Don’t downgrade the MNLF
Still, terrorism and war remain serious threats, from isolated extremists or the MILF itself, if its radicals gain clout. So the next President must formulate a roadmap to preserve the internationally monitored ceasefire forged in 2003, review and renegotiate the peace agreement with input from all stakeholders, and build long-term security and development in the south.
This column’s September 15 Mindanao issues briefing raised questions to address in renegotiating the MILF pact (http://www.manilatimes.net/briefing-on-mindanao-renegotiating-peace/218811/):
“Will more funds and powers for the Bangsamoro government, plus its own mechanisms for public service and accountability, reduce or worsen the extensively documented and widely known waste and corruption undermining progress in the ARMM?
“Will the proposed Bangsamoro security force crack down on lawlessness and terrorism, [or]will longstanding ties among armed groups allow threats to flourish, especially if the military presence is reduced?
“And will the rise of Bangsamoro really persuade extremists to let go of demands for secession as well as portions of the Republic allegedly grabbed from the Muslims?

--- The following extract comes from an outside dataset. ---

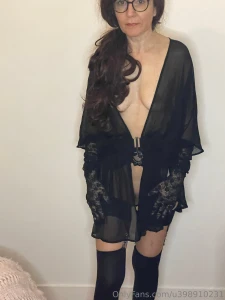 Si tu venais d couvrir mon univers mon of est gratuit et je r ponds part 6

Or will the MILF’s gains only embolden the radicals?”
In his rush to get a peace deal, Aquino would pretty much hand over Muslim Mindanao to the MILF, alienating Christians, Lumad, and the Moro National Liberation Front. The next president should think thrice about setting aside the MNLF, which accepted peace and autonomy two decades ago, in favor of its secessionist splinter group. Why not instead echo the OIC’s call for both Fronts to harmonize their positions?

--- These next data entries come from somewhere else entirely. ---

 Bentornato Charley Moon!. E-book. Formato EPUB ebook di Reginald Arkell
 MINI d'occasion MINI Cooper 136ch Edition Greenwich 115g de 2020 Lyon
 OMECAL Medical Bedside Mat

The danger of devastating war
Whether from wishful thinking or the eagerness to make peace and impress the world, the Aquino government showed lack of prudence in assuming the MILF would give up its decades-old secession goal, and not exploit its clout and concessions under the peace deal for Bangsamoro independence.
Yet prudence and reason should have told those who cared to listen that long-time separatists could just be paying lip service to autonomy so they can gain more power and resources for a renewed struggle.
The same lack of prudence seems evident in Aquino’s policy of escalating American military deployment in the Philippines amid Washington’s growing rivalry with Beijing. The assumption seems to be that this big-power test of wills and might would not trigger a major conflict, in which the Philippines, hosting US forces, would be a frontline state subject to attack.
In the past 70 years since the end of World War II in 1945, America has been in five major Asian conflicts — Korea, Vietnam, Afghanistan, and twice in Iraq and nearby states. That should tell prudent policymakers that the United States could very well engage in a sixth war for its global security agenda. Indeed, Washington is moving 60 percent of its naval assets to the region under its Pivot To Asia policy.
Today, there are many expert scenarios of Sino-American conflict, mostly over issues of little interest to the Philippines, and invariably involving massive missile exchanges, possibly including atomic weapons targeting US military assets and the facilities they use. If those forces and the bases they have access to in the archipelago are attacked, there could be immense collateral damage on nearby areas and populations.
Hence, the next President would have to ponder whether the country should accept that war risk just to host American forces, which have NEVER helped or even pledged to help in territorial disputes with China. Or should the Philippines build up maritime defenses, like Vietnam’s submarines and anti-ship missiles, so we can assert territorial interests without putting our people at great risk of devastating superpower war?